Dear Gavin,

This is really great, thank you!  I created some long loops to get rid of
extra months at the beginning and the end of my data but your code is great
for putting it then together quarterly.
thanks again,
Denise

On Mon, 2008-08-18 at 14:31 +0100, Denise Xifara wrote:
> Thank you very much Stephen, but how will aggregate deal with months that
> fall outside annual quarters? eg, one extra month at the end of the
dataset?

[Without your data I'm kind of guessing at the exact format and problem,
but the example below shows one way to deal with quarters that span
years so should be adaptable to your problem.

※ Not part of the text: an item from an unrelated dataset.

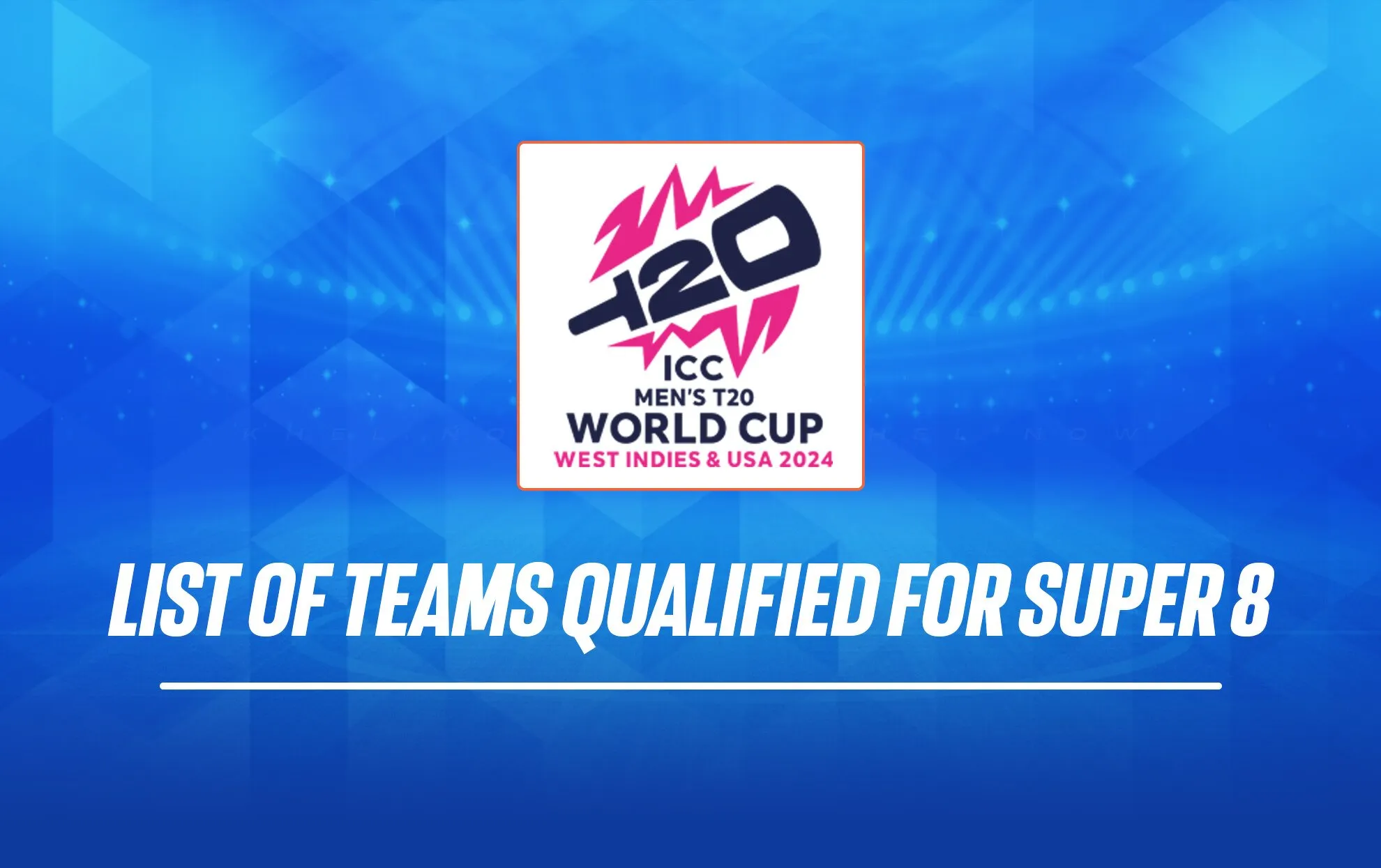 T20 World Cup 2024 Super 8 Scenario: Four Teams Secure Spots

You also have a different
idea of quarters to my ecological one...]

## first some dummy data
set.seed(12345)
dat <- data.frame(price = cumsum(rnorm(450)),
                  date = seq(from = as.Date("2008-01-01"),
                             length = 450, by = "days"))

## get the months of observations
dat$month <- factor(format(dat$date, format = "%b"), levels = month.abb)

## and then format this for the quarters
dat$quarter <- character(length = NROW(dat))
## I'm sure these 4 steps can be simplified but just
## how escapes me at the moment
dat$quarter[dat$month %in% month.abb[c(12,1,2)]] <- "Winter"
dat$quarter[dat$month %in% month.abb[c(3:5)]] <- "Spring"
dat$quarter[dat$month %in% month.abb[c(6:8)]] <- "Summer"
dat$quarter[dat$month %in% month.abb[c(9:11)]] <- "Autumn"
dat$quarter <- factor(dat$quarter,
                      levels = c("Spring","Summer","Autumn","Winter"))

## look at the fruits of our labour
head(dat)

## create period
runs <- rle(as.numeric(dat$quarter))$lengths
dat$period <- factor(rep(seq_along(runs), times = runs))

## aggregate
with(dat, aggregate(price, list(quarter = quarter, period = period),
                    FUN = mean))

I use the rle() function (run length encoding) calculate the number of
observations where the 'quarter' remains the same:

> rle(as.numeric(dat$quarter))
Run Length Encoding
  lengths: int [1:6] 60 92 92 91 90 25
  values : num [1:6] 4 1 2 3 4 1

The 'values' here are the numeric representation of the quarter factor.
The most interesting for us is the second 4 - this is the winter 2008/9.
I use the lengths to replicate a period number (1,2,...,n) the correct
number of times. Now we have the period correctly calculated, we just
aggregate by quarter and period to give the averages you want.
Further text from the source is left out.